幼少期と初期の仕事
出典: フリー百科事典『ウィキペディア(Wikipedia)』 (2022/08/13 02:34 UTC 版)
「W・エドワーズ・デミング」の記事における「幼少期と初期の仕事」の解説
アイオワ州スーシティで生まれたデミングは、同じアイオワ州 Polk City にある祖父の養鶏場で育ち、その後ワイオミング州パウエルに移住した。彼の父もウィリアムだったため、エドワーズと呼ばれるようになった(エドワーズは母の旧姓)。1917年、ワイオミング州ララミーのワイオミング大学に入学し、1921年に電気工学の学士号を得て卒業。
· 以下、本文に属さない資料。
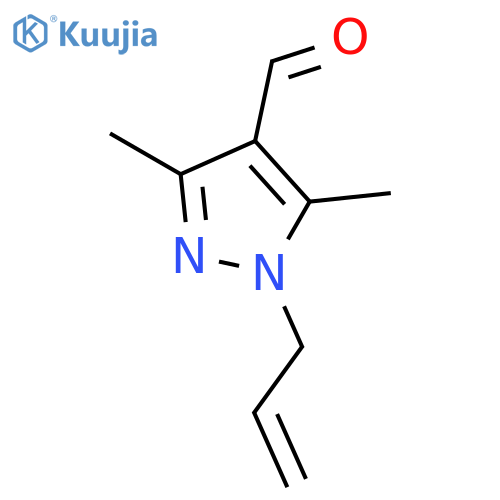 3,5-dimethyl-1-(prop-2-en-1-yl)-1H-pyrazole-4-carbaldehyde structure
1925年にはコロラド大学ボルダー校で修士号を取得し、1928年にはイェール大学で博士号を取得した。どちらでも数学と数理物理学の学位を取得している。数理物理学者としてアメリカ農務省に勤務し(1927年 - 1939年)、統計アドバイザーとしてアメリカ国勢調査局に勤務した(1939年 - 1945年)。その後ニューヨーク大学経営大学院で統計学の教授を務めた(1946年 - 1993年)。また、コロンビア大学の経営学部大学院でも教えている(1988年 - 1993年)。また、企業のコンサルタントも務めた。 1927年、デミングは農務省の C.H. Kunsman により、ベル研究所のウォルター・A・シューハートに紹介され、シューハートの業績に大いに触発された。シューハートは製造工程の統計的制御手法の提唱者であり、管理図などのツールを考案していた。このため、デミングも製造業や経営に統計的手法を応用する方向に興味を移し始めた。シューハートによる分散の共通原因と特殊原因の考え方は、デミングの経営理論にも取り入れられている。デミングはこれが単に製造プロセスに適用できるだけでなく、企業の経営にも生かせると考えた。この洞察により、1950年以降の産業への多大な影響が可能となったのである。 デミングは農務省でシューハートが行った一連の講義を本にまとめ Statistical Method from the Viewpoint of Quality Control として 1939年に出版した。デミングは、シューハートから多くを学んだ理由を後のインタビューで、シューハートが聡明である一方で「物事を難しくする特異な才能」を持っていたためだと説明している。このためデミングはシューハートの考えをコピーし、それを彼なりのわかり易い方法で提示することに時間を費やした。 デミングは標本化技法を開発し、それが1940年の国勢調査に使われた。第二次世界大戦中、デミングは Emergency Technical Committee の一員として、H.F. Dodge、A.G. Ashcroft、Leslie E. Simon、R.E. Wareham、John Gaillard と共に働き、戦時標準規格(ANSI ZI.1-3 として1943年発表)の策定を行った。また、戦時動員された工場作業員に対して統計的プロセス制御技法を教えた。統計的技法は第二次世界大戦中は広く適用されたが、戦後アメリカ経済が強くなるに従って数年で省みられなくなった。